[Start of Attachment]

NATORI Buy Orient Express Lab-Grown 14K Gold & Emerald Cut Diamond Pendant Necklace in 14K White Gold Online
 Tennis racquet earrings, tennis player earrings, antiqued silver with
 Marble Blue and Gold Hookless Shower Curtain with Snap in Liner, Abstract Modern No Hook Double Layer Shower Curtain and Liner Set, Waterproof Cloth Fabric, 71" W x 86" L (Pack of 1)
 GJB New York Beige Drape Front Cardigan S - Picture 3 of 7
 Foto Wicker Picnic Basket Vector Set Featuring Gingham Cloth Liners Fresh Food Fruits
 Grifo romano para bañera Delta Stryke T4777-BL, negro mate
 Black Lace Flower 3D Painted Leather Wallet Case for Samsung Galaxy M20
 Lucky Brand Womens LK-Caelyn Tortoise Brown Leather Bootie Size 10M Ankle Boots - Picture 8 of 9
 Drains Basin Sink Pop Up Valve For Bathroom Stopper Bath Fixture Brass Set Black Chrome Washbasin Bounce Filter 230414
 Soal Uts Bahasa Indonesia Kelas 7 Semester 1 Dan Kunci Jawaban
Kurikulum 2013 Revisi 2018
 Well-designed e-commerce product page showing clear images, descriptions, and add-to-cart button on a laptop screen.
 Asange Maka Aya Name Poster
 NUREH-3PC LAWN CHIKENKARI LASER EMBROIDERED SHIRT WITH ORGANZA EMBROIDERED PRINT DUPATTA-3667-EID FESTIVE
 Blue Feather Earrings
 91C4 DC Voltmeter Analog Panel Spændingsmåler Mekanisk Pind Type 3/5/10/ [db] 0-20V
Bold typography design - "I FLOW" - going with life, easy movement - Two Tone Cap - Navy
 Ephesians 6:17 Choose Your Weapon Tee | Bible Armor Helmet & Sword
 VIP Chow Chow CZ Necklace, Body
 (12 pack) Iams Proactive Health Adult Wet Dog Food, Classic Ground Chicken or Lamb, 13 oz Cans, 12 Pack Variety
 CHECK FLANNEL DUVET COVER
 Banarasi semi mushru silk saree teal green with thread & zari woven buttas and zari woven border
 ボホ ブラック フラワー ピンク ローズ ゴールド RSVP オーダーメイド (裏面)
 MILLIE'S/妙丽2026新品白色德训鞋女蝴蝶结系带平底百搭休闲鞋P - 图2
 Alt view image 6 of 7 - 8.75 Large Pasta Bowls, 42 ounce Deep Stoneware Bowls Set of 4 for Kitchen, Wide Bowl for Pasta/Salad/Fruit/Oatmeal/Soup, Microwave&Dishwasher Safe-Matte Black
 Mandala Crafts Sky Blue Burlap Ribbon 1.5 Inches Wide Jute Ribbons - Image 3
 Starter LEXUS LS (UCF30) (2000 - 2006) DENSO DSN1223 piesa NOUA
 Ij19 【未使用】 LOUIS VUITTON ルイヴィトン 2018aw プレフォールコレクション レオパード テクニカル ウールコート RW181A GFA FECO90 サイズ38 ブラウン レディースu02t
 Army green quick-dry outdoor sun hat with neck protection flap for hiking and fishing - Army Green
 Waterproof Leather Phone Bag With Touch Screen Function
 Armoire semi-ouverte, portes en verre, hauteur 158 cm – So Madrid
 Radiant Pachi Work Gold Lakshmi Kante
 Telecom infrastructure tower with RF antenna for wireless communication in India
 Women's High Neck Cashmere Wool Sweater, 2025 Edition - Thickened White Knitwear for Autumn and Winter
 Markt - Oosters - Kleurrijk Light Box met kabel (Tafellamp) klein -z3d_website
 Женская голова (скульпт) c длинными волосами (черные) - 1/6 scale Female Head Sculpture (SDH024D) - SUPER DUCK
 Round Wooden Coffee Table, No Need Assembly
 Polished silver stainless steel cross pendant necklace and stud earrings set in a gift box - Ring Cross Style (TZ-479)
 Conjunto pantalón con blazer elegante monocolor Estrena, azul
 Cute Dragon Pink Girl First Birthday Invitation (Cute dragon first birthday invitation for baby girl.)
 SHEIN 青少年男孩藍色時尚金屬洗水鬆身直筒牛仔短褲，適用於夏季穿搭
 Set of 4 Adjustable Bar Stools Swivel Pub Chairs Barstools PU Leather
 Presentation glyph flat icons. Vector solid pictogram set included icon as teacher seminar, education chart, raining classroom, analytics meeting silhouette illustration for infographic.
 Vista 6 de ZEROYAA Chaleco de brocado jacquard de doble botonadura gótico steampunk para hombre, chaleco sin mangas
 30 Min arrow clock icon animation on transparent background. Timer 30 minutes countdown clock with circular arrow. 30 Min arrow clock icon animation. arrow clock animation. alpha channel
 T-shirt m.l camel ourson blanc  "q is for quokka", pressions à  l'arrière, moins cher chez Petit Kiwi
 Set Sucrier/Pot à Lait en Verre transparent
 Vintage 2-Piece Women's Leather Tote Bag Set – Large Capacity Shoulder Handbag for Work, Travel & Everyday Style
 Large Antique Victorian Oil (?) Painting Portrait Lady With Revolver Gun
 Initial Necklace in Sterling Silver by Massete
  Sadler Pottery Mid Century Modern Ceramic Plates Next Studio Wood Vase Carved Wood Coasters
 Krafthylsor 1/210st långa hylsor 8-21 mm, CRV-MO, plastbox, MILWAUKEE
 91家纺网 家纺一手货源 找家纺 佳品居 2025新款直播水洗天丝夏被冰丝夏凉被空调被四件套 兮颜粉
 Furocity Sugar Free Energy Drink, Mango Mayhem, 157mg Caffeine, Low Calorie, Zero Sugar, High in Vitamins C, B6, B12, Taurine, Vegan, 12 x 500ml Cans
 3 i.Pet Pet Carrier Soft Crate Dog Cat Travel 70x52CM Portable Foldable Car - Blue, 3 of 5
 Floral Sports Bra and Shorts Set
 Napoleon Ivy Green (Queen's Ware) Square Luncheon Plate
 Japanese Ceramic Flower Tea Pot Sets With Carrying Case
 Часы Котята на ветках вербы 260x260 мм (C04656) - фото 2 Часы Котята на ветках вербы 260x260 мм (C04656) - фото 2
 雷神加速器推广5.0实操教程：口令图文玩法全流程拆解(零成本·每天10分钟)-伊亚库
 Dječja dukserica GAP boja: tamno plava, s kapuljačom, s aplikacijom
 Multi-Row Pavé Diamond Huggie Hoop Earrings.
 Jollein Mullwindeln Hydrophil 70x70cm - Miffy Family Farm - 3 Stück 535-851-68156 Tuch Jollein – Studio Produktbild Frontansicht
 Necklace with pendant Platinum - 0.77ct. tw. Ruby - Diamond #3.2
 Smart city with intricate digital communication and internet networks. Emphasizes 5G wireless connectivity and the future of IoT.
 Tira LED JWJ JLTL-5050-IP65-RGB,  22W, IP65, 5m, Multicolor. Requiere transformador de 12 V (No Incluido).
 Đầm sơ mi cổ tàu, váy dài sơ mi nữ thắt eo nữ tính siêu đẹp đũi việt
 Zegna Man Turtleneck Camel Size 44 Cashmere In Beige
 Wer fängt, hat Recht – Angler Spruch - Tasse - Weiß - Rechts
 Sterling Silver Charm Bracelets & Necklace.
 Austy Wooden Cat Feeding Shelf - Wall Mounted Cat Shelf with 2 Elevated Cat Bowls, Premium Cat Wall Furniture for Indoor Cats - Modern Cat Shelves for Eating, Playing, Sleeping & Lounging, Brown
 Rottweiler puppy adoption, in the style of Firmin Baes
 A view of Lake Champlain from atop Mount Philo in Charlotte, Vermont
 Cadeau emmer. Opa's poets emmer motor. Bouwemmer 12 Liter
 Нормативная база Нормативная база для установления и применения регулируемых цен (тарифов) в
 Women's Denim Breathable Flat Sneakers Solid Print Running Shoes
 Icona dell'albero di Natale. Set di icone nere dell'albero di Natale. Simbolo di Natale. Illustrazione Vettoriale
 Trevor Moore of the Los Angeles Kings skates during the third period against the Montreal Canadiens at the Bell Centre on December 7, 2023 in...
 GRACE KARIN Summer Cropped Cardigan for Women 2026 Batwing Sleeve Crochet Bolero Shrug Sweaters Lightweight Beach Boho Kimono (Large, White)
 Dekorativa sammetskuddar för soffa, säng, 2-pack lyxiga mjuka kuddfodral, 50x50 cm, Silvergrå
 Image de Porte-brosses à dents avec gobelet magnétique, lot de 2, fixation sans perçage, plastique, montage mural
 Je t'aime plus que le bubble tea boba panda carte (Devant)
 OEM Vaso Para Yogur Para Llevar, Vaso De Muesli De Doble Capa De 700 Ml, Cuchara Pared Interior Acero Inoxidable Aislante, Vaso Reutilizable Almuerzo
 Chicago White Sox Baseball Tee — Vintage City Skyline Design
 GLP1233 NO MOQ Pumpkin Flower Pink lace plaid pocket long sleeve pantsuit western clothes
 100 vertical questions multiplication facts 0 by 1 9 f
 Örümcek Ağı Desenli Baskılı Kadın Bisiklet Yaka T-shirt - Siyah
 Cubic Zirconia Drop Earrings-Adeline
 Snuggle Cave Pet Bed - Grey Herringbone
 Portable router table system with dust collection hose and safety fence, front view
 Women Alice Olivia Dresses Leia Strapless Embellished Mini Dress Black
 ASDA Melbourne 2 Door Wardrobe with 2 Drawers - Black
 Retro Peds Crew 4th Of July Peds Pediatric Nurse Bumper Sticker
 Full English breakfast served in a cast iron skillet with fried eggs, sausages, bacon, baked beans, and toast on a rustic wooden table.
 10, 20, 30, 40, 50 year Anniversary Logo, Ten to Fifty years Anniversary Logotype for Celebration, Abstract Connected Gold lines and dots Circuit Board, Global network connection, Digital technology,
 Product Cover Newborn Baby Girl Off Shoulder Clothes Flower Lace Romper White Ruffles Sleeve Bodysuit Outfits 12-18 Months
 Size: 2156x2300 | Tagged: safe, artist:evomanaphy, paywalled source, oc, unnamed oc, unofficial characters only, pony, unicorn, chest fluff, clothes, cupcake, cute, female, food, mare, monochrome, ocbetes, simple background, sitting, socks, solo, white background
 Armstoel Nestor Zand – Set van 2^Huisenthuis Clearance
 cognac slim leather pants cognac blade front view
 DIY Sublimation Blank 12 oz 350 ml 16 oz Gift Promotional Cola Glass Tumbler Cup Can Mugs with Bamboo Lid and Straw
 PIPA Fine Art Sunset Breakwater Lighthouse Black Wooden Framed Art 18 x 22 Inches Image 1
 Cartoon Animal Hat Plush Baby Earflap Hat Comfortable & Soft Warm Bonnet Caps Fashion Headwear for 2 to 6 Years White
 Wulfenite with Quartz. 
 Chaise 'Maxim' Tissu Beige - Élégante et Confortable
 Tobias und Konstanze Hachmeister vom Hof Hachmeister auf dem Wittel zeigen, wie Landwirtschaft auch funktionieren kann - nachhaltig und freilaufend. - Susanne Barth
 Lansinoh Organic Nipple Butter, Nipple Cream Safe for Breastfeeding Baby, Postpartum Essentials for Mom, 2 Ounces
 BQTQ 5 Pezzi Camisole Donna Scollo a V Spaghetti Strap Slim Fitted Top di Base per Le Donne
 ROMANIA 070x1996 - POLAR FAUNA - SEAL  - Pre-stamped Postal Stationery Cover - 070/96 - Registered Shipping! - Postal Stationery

[End of Attachment]

### Work request:
Write out only the lines that run from the line containing "Alt view image" through the line containing "Presentation glyph flat", both included, exactly as they appear above.

### Result of this task:
 Alt view image 6 of 7 - 8.75 Large Pasta Bowls, 42 ounce Deep Stoneware Bowls Set of 4 for Kitchen, Wide Bowl for Pasta/Salad/Fruit/Oatmeal/Soup, Microwave&Dishwasher Safe-Matte Black
 Mandala Crafts Sky Blue Burlap Ribbon 1.5 Inches Wide Jute Ribbons - Image 3
 Starter LEXUS LS (UCF30) (2000 - 2006) DENSO DSN1223 piesa NOUA
 Ij19 【未使用】 LOUIS VUITTON ルイヴィトン 2018aw プレフォールコレクション レオパード テクニカル ウールコート RW181A GFA FECO90 サイズ38 ブラウン レディースu02t
 Army green quick-dry outdoor sun hat with neck protection flap for hiking and fishing - Army Green
 Waterproof Leather Phone Bag With Touch Screen Function
 Armoire semi-ouverte, portes en verre, hauteur 158 cm – So Madrid
 Radiant Pachi Work Gold Lakshmi Kante
 Telecom infrastructure tower with RF antenna for wireless communication in India
 Women's High Neck Cashmere Wool Sweater, 2025 Edition - Thickened White Knitwear for Autumn and Winter
 Markt - Oosters - Kleurrijk Light Box met kabel (Tafellamp) klein -z3d_website
 Женская голова (скульпт) c длинными волосами (черные) - 1/6 scale Female Head Sculpture (SDH024D) - SUPER DUCK
 Round Wooden Coffee Table, No Need Assembly
 Polished silver stainless steel cross pendant necklace and stud earrings set in a gift box - Ring Cross Style (TZ-479)
 Conjunto pantalón con blazer elegante monocolor Estrena, azul
 Cute Dragon Pink Girl First Birthday Invitation (Cute dragon first birthday invitation for baby girl.)
 SHEIN 青少年男孩藍色時尚金屬洗水鬆身直筒牛仔短褲，適用於夏季穿搭
 Set of 4 Adjustable Bar Stools Swivel Pub Chairs Barstools PU Leather
 Presentation glyph flat icons. Vector solid pictogram set included icon as teacher seminar, education chart, raining classroom, analytics meeting silhouette illustration for infographic.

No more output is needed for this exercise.